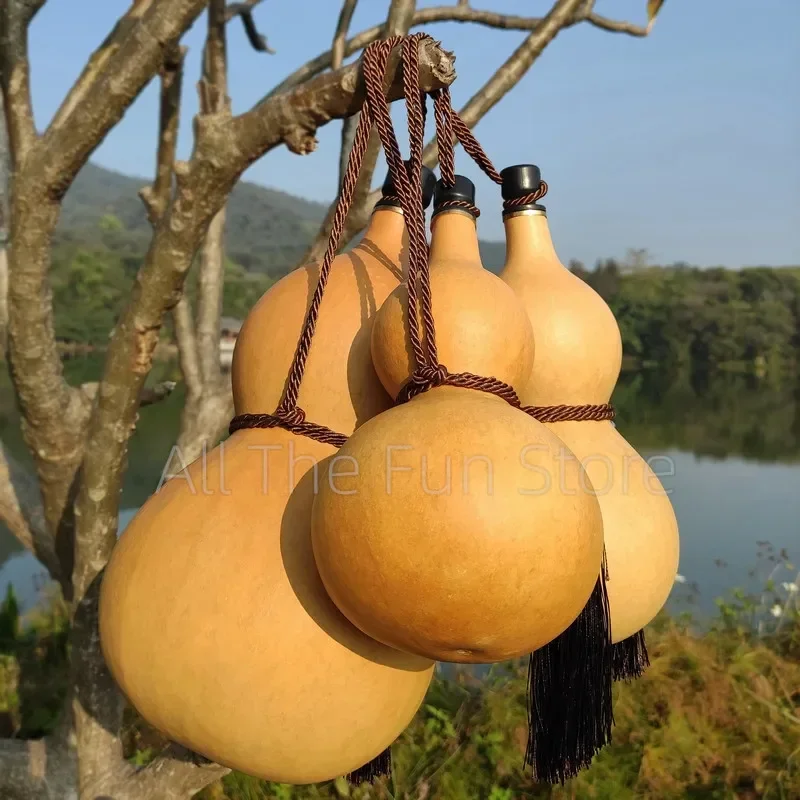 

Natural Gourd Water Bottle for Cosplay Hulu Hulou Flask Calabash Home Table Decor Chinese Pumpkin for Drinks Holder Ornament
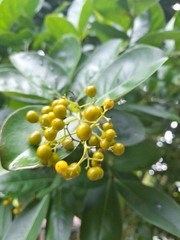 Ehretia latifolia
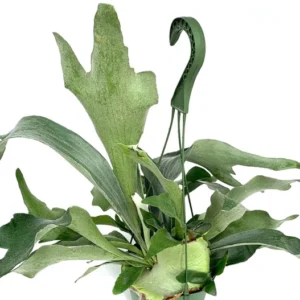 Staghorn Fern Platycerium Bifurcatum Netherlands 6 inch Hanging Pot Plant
————
- [Problem details]:
The data must be printed exactly, image-free.

- [Your response]:
Natural Gourd Water Bottle for Cosplay Hulu Hulou Flask Calabash Home Table Decor Chinese Pumpkin for Drinks Holder Ornament
 Ehretia latifolia
 Staghorn Fern Platycerium Bifurcatum Netherlands 6 inch Hanging Pot Plant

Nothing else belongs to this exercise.